Hello, Sunshine - Page 99

I waved at her. “Hi.”

Thomas took Rain’s hand, held it to his chest. “She dropped Sammy off. We were just having a little chat.”

Rain forced a smile. “Is that right?” she said.

I pointed toward the door. “I can go.”

Rain shook her head. “I didn’t ask you to.”

Then it got quiet, awkward.

Thomas looked back and forth between us. “I’d leave you guys alone, but you know . . . not gonna get up unnecessarily.”

I looked at my sister. “Can we go somewhere and talk?” I said.
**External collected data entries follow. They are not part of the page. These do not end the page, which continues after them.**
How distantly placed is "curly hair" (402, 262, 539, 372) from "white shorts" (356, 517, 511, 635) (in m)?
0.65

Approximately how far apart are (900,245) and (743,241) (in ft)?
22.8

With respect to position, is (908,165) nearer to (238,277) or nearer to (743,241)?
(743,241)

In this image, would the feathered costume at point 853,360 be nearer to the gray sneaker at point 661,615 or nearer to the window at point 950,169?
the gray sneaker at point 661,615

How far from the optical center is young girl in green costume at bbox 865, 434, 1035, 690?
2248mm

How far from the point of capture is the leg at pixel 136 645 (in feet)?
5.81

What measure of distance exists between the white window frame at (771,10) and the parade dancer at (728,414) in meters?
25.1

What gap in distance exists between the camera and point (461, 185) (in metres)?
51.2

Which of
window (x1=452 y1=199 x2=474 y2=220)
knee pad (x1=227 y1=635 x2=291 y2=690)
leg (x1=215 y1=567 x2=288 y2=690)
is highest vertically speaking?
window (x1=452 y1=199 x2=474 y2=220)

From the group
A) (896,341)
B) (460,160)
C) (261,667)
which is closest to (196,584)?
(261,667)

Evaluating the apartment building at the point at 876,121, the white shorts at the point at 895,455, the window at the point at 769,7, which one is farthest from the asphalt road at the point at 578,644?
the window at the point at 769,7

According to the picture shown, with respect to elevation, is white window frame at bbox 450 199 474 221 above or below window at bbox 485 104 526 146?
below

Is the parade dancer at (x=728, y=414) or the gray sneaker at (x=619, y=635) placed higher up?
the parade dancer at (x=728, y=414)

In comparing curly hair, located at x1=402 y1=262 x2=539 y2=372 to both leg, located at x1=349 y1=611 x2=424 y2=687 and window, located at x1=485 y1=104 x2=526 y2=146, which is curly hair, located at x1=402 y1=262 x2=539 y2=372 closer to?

She kept her hand on Thomas, motioned around the small house. Sammy was in the loft above the living room, Thomas was taking up the kitchen, the bedroom was all bed.

“It’s raining really hard out there,” she said. “There’s not many places to go.”

I held up the key to our childhood home. “I have one.”

49

So this is super freaky,” Rain said.

We walked into the foyer, Rain taking in the house. The walls, the art, the enormous portrait of the celebrity and her husband in the dip-down living room.

“We can’t just be here,” she said.

“Humor me,” I said.

“I don’t think that’s a defense for the cops.”

But she kept walking down the hallway and into the kitchen, taking in the enormous stoves, the bay windows leading out to the porch, and the gorgeous views of the beach and the ocean beyond it. The rain was still coming down hard, the wind whipping up, making it all feel slightly magical.

“Please tell me she’s a good chef,” Rain said.

“No idea, but . . .” I reached into the fridge and pulled out a loaf of our favorite bread. “You hungry?”

“Now we are just stealing.”

“She’s got a stocked fridge, and it’s all going to go to waste.”

“That’s what we’ll tell the police.”

“Grilled cheese?”

She considered. “All right,” she said. “But I’m taking the seat with the view.”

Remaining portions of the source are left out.